* **Instructions to follow**:
Before doing anything else, copy the entries below exactly.

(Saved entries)
※

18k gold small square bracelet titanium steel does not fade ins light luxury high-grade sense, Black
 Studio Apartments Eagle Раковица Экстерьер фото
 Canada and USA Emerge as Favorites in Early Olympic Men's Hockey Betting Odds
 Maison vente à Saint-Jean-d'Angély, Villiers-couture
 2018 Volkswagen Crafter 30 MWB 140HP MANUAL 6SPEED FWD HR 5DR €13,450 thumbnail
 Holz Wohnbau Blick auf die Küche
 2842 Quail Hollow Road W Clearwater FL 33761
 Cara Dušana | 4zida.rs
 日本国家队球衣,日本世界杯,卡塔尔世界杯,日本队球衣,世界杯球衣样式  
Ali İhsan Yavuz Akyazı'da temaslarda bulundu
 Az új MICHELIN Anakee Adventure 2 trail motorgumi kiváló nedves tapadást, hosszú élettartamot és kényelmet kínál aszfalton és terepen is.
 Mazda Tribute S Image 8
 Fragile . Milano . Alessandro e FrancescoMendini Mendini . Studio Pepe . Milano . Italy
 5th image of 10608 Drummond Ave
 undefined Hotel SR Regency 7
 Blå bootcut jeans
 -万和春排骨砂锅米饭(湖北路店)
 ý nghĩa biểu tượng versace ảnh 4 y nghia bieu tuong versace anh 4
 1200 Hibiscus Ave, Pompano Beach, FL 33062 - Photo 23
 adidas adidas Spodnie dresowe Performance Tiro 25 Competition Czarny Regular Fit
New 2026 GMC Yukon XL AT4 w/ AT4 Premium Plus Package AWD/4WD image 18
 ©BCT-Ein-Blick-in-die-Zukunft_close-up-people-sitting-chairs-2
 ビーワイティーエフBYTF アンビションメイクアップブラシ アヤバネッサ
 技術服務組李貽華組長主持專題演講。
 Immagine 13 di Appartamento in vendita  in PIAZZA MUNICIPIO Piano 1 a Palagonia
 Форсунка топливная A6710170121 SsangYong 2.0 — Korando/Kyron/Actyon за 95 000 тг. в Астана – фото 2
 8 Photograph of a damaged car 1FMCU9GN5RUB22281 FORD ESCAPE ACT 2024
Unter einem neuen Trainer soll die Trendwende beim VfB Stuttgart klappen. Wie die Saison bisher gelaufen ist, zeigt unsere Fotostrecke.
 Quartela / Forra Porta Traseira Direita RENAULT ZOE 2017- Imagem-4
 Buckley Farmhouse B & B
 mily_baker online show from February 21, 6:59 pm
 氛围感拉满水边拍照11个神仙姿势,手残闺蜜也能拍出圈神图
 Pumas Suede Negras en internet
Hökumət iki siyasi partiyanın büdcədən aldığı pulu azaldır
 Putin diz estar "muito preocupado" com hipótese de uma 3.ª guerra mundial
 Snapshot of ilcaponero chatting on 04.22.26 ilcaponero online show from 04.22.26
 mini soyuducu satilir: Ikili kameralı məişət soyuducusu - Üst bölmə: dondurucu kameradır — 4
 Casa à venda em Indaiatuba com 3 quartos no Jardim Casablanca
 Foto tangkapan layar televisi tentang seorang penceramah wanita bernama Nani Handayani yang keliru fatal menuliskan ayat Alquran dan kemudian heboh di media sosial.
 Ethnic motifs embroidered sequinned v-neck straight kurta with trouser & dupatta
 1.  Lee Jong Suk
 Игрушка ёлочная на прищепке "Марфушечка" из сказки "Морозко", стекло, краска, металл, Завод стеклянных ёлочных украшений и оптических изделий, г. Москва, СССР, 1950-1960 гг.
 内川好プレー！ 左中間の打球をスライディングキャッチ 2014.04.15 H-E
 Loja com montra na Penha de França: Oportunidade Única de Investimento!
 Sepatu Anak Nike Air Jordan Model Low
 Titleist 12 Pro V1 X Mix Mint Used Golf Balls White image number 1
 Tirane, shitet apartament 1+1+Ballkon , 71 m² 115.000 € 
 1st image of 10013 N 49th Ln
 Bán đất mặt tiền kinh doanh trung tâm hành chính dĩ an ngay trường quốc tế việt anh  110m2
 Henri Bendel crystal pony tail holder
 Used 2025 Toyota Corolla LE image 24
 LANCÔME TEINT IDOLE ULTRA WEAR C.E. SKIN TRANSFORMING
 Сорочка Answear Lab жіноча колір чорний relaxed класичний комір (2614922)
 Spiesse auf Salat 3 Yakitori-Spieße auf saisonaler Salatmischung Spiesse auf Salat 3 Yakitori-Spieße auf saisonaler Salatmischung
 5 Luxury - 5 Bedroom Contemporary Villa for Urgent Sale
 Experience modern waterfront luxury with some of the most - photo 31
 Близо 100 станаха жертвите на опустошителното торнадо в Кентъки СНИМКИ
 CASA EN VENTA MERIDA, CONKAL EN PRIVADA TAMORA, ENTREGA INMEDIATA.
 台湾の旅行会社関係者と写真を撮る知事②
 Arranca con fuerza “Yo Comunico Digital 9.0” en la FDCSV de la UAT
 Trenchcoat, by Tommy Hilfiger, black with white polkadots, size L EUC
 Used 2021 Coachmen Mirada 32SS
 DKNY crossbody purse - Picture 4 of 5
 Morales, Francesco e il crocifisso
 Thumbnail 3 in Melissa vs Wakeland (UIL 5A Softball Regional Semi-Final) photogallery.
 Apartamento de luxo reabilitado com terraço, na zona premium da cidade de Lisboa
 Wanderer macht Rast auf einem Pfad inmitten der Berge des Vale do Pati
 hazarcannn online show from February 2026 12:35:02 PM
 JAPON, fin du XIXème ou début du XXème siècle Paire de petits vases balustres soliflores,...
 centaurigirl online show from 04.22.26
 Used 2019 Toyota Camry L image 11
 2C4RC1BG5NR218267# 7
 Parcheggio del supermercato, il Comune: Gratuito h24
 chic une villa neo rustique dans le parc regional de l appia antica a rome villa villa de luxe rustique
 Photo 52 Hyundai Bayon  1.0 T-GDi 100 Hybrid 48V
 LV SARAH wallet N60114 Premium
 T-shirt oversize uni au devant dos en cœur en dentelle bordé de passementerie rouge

※

* **Reply to the exercise**:
18k gold small square bracelet titanium steel does not fade ins light luxury high-grade sense, Black
 Studio Apartments Eagle Раковица Экстерьер фото
 Canada and USA Emerge as Favorites in Early Olympic Men's Hockey Betting Odds
 Maison vente à Saint-Jean-d'Angély, Villiers-couture
 2018 Volkswagen Crafter 30 MWB 140HP MANUAL 6SPEED FWD HR 5DR €13,450 thumbnail
 Holz Wohnbau Blick auf die Küche
 2842 Quail Hollow Road W Clearwater FL 33761
 Cara Dušana | 4zida.rs
 日本国家队球衣,日本世界杯,卡塔尔世界杯,日本队球衣,世界杯球衣样式  
Ali İhsan Yavuz Akyazı'da temaslarda bulundu
 Az új MICHELIN Anakee Adventure 2 trail motorgumi kiváló nedves tapadást, hosszú élettartamot és kényelmet kínál aszfalton és terepen is.
 Mazda Tribute S Image 8
 Fragile . Milano . Alessandro e FrancescoMendini Mendini . Studio Pepe . Milano . Italy
 5th image of 10608 Drummond Ave
 undefined Hotel SR Regency 7
 Blå bootcut jeans
 -万和春排骨砂锅米饭(湖北路店)
 ý nghĩa biểu tượng versace ảnh 4 y nghia bieu tuong versace anh 4
 1200 Hibiscus Ave, Pompano Beach, FL 33062 - Photo 23
 adidas adidas Spodnie dresowe Performance Tiro 25 Competition Czarny Regular Fit
New 2026 GMC Yukon XL AT4 w/ AT4 Premium Plus Package AWD/4WD image 18
 ©BCT-Ein-Blick-in-die-Zukunft_close-up-people-sitting-chairs-2
 ビーワイティーエフBYTF アンビションメイクアップブラシ アヤバネッサ
 技術服務組李貽華組長主持專題演講。
 Immagine 13 di Appartamento in vendita  in PIAZZA MUNICIPIO Piano 1 a Palagonia
 Форсунка топливная A6710170121 SsangYong 2.0 — Korando/Kyron/Actyon за 95 000 тг. в Астана – фото 2
 8 Photograph of a damaged car 1FMCU9GN5RUB22281 FORD ESCAPE ACT 2024
Unter einem neuen Trainer soll die Trendwende beim VfB Stuttgart klappen. Wie die Saison bisher gelaufen ist, zeigt unsere Fotostrecke.
 Quartela / Forra Porta Traseira Direita RENAULT ZOE 2017- Imagem-4
 Buckley Farmhouse B & B
 mily_baker online show from February 21, 6:59 pm
 氛围感拉满水边拍照11个神仙姿势,手残闺蜜也能拍出圈神图
 Pumas Suede Negras en internet
Hökumət iki siyasi partiyanın büdcədən aldığı pulu azaldır
 Putin diz estar "muito preocupado" com hipótese de uma 3.ª guerra mundial
 Snapshot of ilcaponero chatting on 04.22.26 ilcaponero online show from 04.22.26
 mini soyuducu satilir: Ikili kameralı məişət soyuducusu - Üst bölmə: dondurucu kameradır — 4
 Casa à venda em Indaiatuba com 3 quartos no Jardim Casablanca
 Foto tangkapan layar televisi tentang seorang penceramah wanita bernama Nani Handayani yang keliru fatal menuliskan ayat Alquran dan kemudian heboh di media sosial.
 Ethnic motifs embroidered sequinned v-neck straight kurta with trouser & dupatta
 1.  Lee Jong Suk
 Игрушка ёлочная на прищепке "Марфушечка" из сказки "Морозко", стекло, краска, металл, Завод стеклянных ёлочных украшений и оптических изделий, г. Москва, СССР, 1950-1960 гг.
 内川好プレー！ 左中間の打球をスライディングキャッチ 2014.04.15 H-E
 Loja com montra na Penha de França: Oportunidade Única de Investimento!
 Sepatu Anak Nike Air Jordan Model Low
 Titleist 12 Pro V1 X Mix Mint Used Golf Balls White image number 1
 Tirane, shitet apartament 1+1+Ballkon , 71 m² 115.000 € 
 1st image of 10013 N 49th Ln
 Bán đất mặt tiền kinh doanh trung tâm hành chính dĩ an ngay trường quốc tế việt anh  110m2
 Henri Bendel crystal pony tail holder
 Used 2025 Toyota Corolla LE image 24
 LANCÔME TEINT IDOLE ULTRA WEAR C.E. SKIN TRANSFORMING
 Сорочка Answear Lab жіноча колір чорний relaxed класичний комір (2614922)
 Spiesse auf Salat 3 Yakitori-Spieße auf saisonaler Salatmischung Spiesse auf Salat 3 Yakitori-Spieße auf saisonaler Salatmischung
 5 Luxury - 5 Bedroom Contemporary Villa for Urgent Sale
 Experience modern waterfront luxury with some of the most - photo 31
 Близо 100 станаха жертвите на опустошителното торнадо в Кентъки СНИМКИ
 CASA EN VENTA MERIDA, CONKAL EN PRIVADA TAMORA, ENTREGA INMEDIATA.
 台湾の旅行会社関係者と写真を撮る知事②
 Arranca con fuerza “Yo Comunico Digital 9.0” en la FDCSV de la UAT
 Trenchcoat, by Tommy Hilfiger, black with white polkadots, size L EUC
 Used 2021 Coachmen Mirada 32SS
 DKNY crossbody purse - Picture 4 of 5
 Morales, Francesco e il crocifisso
 Thumbnail 3 in Melissa vs Wakeland (UIL 5A Softball Regional Semi-Final) photogallery.
 Apartamento de luxo reabilitado com terraço, na zona premium da cidade de Lisboa
 Wanderer macht Rast auf einem Pfad inmitten der Berge des Vale do Pati
 hazarcannn online show from February 2026 12:35:02 PM
 JAPON, fin du XIXème ou début du XXème siècle Paire de petits vases balustres soliflores,...
 centaurigirl online show from 04.22.26
 Used 2019 Toyota Camry L image 11
 2C4RC1BG5NR218267# 7
 Parcheggio del supermercato, il Comune: Gratuito h24
 chic une villa neo rustique dans le parc regional de l appia antica a rome villa villa de luxe rustique
 Photo 52 Hyundai Bayon  1.0 T-GDi 100 Hybrid 48V
 LV SARAH wallet N60114 Premium
 T-shirt oversize uni au devant dos en cœur en dentelle bordé de passementerie rouge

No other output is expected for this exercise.